Before we set off in the direction of Wellington, we’re going to check out Mount Ruapehu.  It’s a ski resort by winter, and just a regular dormant volcano the rest of the year round. It’s March, so we’re there to see the volcano.
            From Whakapapa we take the chairlift up to the top the resort, which is still some way short of the actual summit. It is my first time in a chairlift and I don’t like it at all going up, but will find it perfectly acceptable going down. Why do you think this is?
            There’s not much to do at the chalet at the top, other than eat soup and speculate on investing in new jumper. Do I need a new jumper? I might need a new jumper – it’s late summer, but there’s no guarantee it will be this warm when we reach New Zealand’s southern sector. I’m not sure how I’m doing financially, so I leave it.
            From Tangario National Park to Wanganui the geological feast doesn't let up. Like a cross between a Spaghetti Western and a Vangh Gogh painting, the steep hills undulate like waveforms. State Highway number 4 weaves its way through the valleys, keeping one eye on the riparian woodland to the road’s west.
            We don’t have the time to pause in Wanganui and plough on towards Wellington, New Zealand’s capital and second largest city, fearing we might be running a little late. We’ve not struggled to find accommodation so far, but nor has our accommodation been ideal. After our morning detour up Mount Ruapehu this will be our latest arrival yet, and there’s a city to circumnavigate in-between.

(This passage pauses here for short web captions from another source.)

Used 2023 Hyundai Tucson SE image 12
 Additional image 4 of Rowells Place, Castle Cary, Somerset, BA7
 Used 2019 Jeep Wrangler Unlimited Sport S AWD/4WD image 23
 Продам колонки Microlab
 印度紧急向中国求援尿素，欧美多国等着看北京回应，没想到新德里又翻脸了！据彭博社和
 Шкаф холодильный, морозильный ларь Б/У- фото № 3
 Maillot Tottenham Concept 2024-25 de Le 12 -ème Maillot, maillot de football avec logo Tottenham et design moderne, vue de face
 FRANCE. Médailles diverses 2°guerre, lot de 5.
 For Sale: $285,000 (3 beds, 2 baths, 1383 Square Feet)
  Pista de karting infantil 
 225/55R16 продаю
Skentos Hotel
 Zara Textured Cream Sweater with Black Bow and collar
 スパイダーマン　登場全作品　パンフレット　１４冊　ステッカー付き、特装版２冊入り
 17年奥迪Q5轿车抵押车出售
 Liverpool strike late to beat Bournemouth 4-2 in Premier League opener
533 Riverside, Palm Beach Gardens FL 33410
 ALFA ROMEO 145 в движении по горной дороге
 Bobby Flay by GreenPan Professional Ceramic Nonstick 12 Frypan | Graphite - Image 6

Whose idea was it to stay at the Beethoven? The proprietor is a raving lunatic! A theatrical sort with a penchant for – wait for it – Beethoven, it’s hard to know if one is really welcome or not. We don’t hang around long enough to find out, and depart his backpacker’s retreat for a kebab and a few drinks somewhere else.
            Wellington appeals. It feels more city-like than Auckland did. It’s more industrial, more compact, and feels more modern. The sun shines for the duration, we find time to watch the latest instalment of Lord of the Rings, and generally have a relaxing time of it.
            S decides she will continue with us to the South Island, which we’ve been told will be the highlight of our time here.